◆ Entries provided ◆
+ + + + + + +

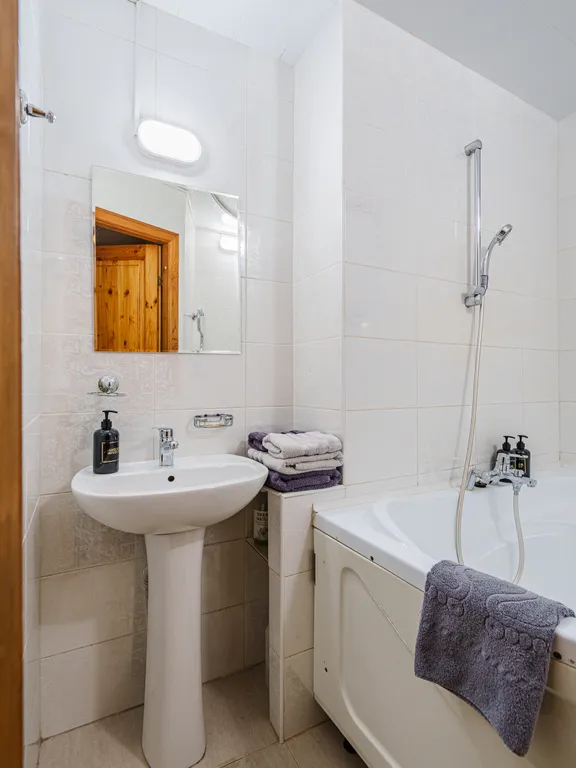 Квартира Однокомнатная квартира возле УГМК Здоровье — Екатеринбург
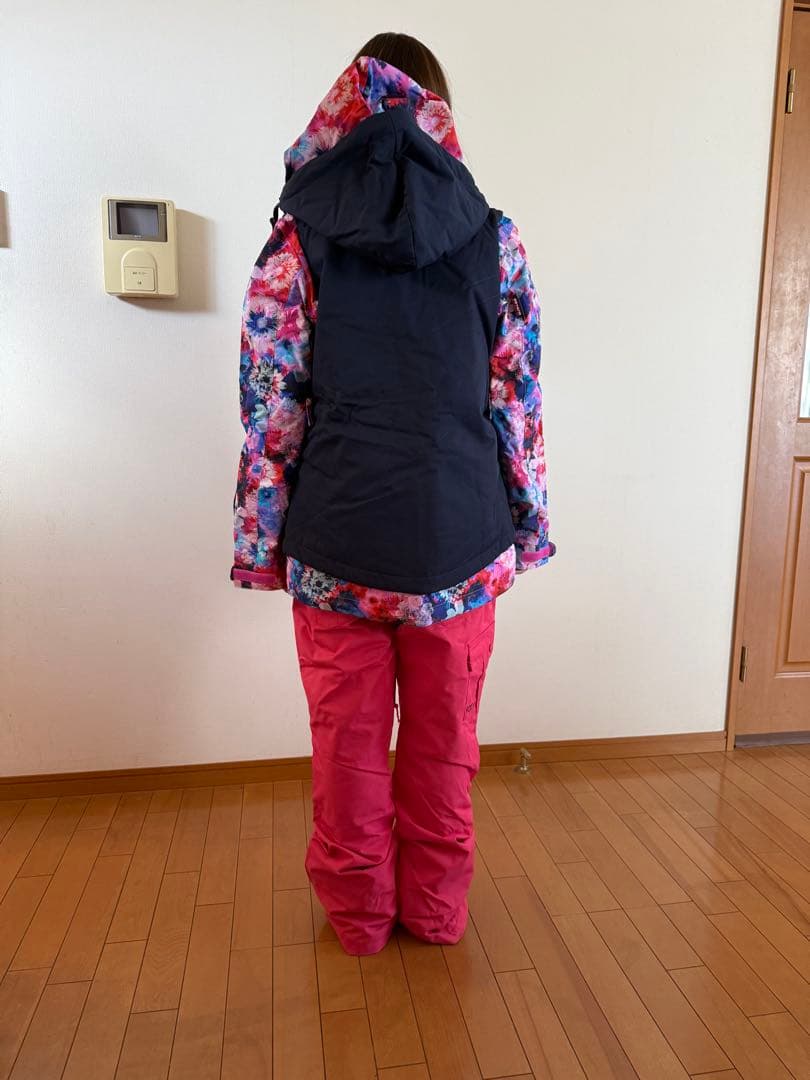 使用回数１回★ESTIVO✕ROXYウェア★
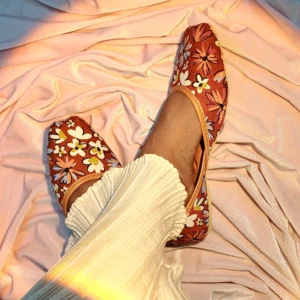 Image of Printed Jutti (Brown)
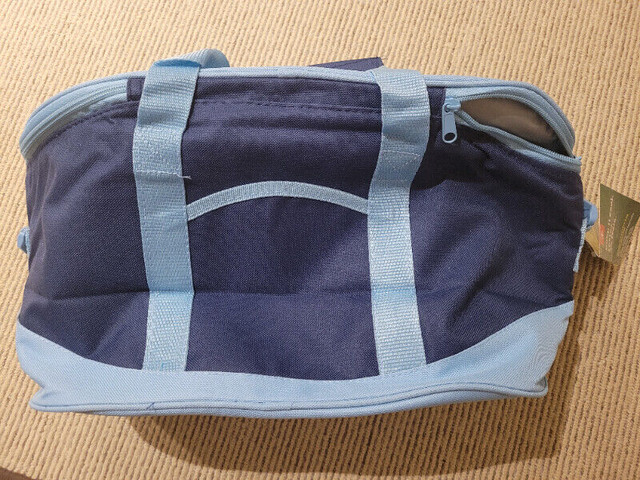 NEW - Terr Gear Insulated Cooler Bag - Blue Stripes in Fishing, Camping & Outdoors in Mississauga / Peel Region - Image 4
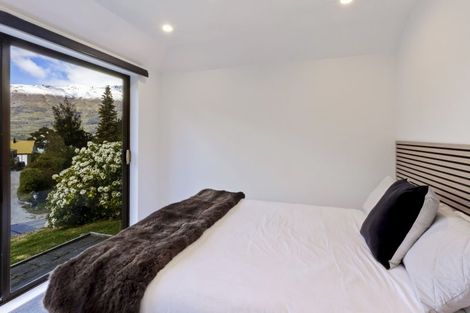 Photo of property in 24 Williams Street, Sunshine Bay, Queenstown, 9300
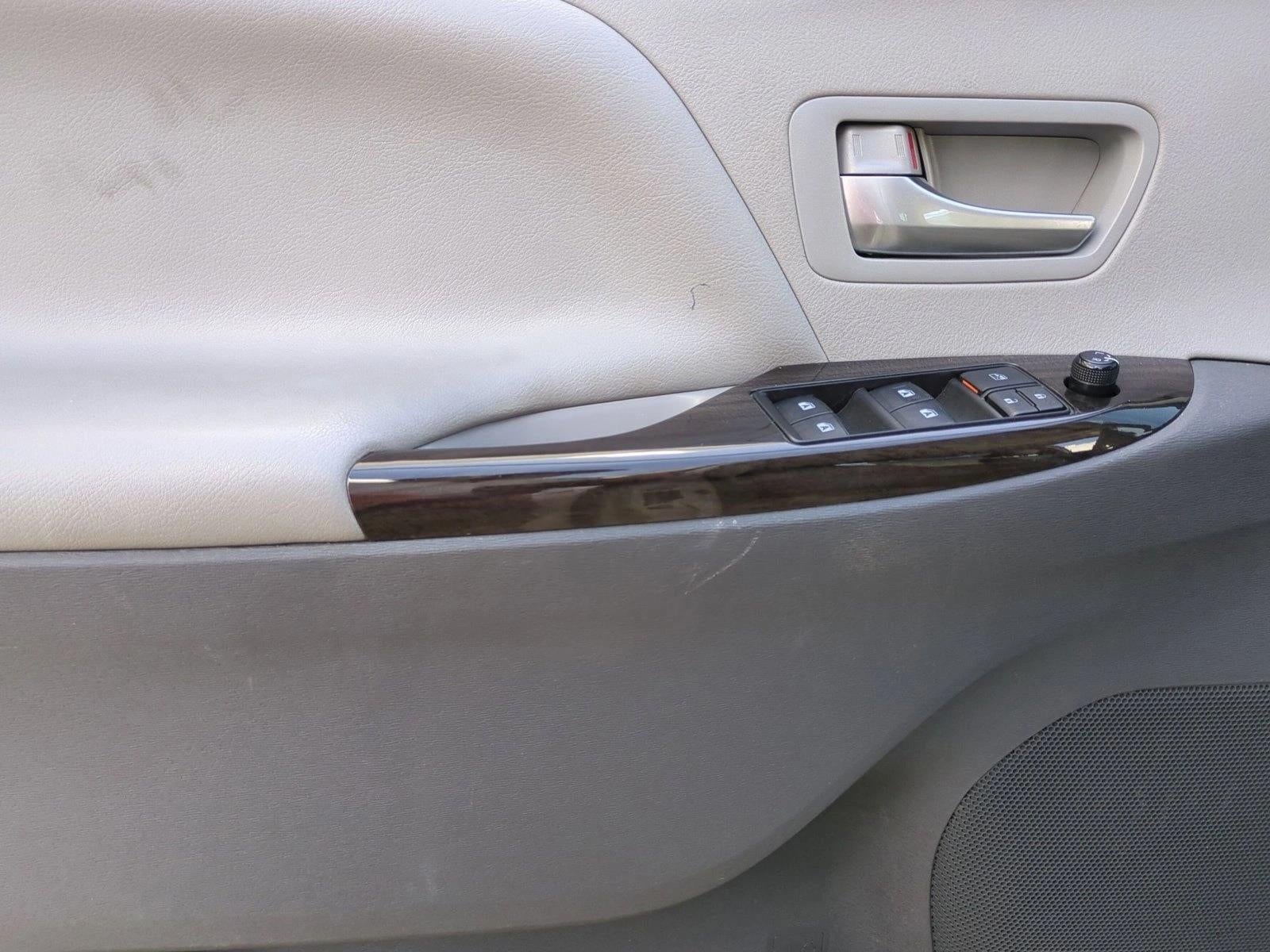 2018 Toyota Sienna XLE Premium FWD 8-Passenger (Natl)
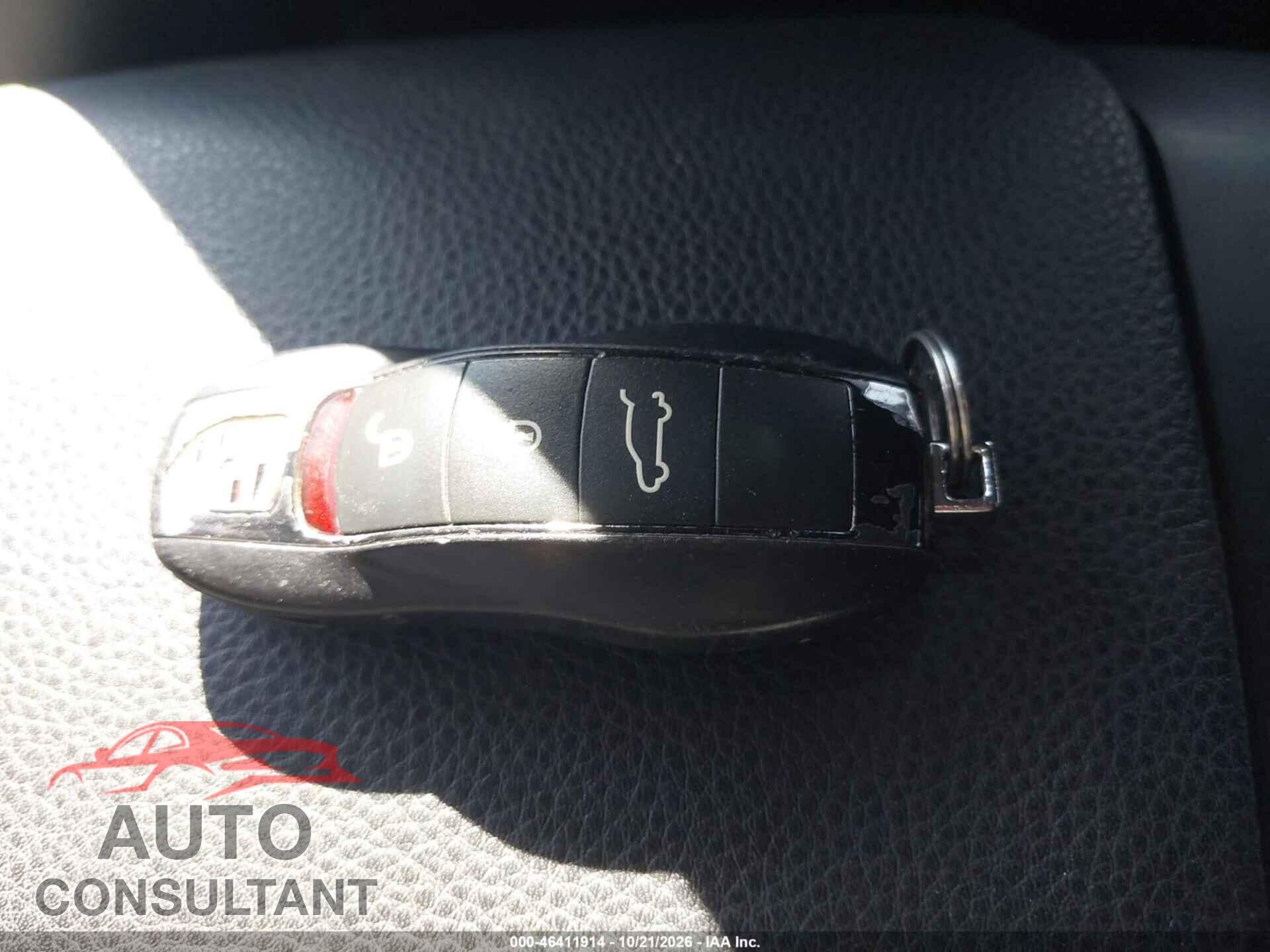 PORSCHE MACAN 2016 - WP1AB2A50GLB56602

+ + + + + + +

◆ Work instructions ◆
Render all entries verbatim, excluding any pictures they hold.

◆ Result ◆
 Квартира Однокомнатная квартира возле УГМК Здоровье — Екатеринбург
 使用回数１回★ESTIVO✕ROXYウェア★
 Image of Printed Jutti (Brown)
 NEW - Terr Gear Insulated Cooler Bag - Blue Stripes in Fishing, Camping & Outdoors in Mississauga / Peel Region - Image 4
 Photo of property in 24 Williams Street, Sunshine Bay, Queenstown, 9300
 2018 Toyota Sienna XLE Premium FWD 8-Passenger (Natl)
 PORSCHE MACAN 2016 - WP1AB2A50GLB56602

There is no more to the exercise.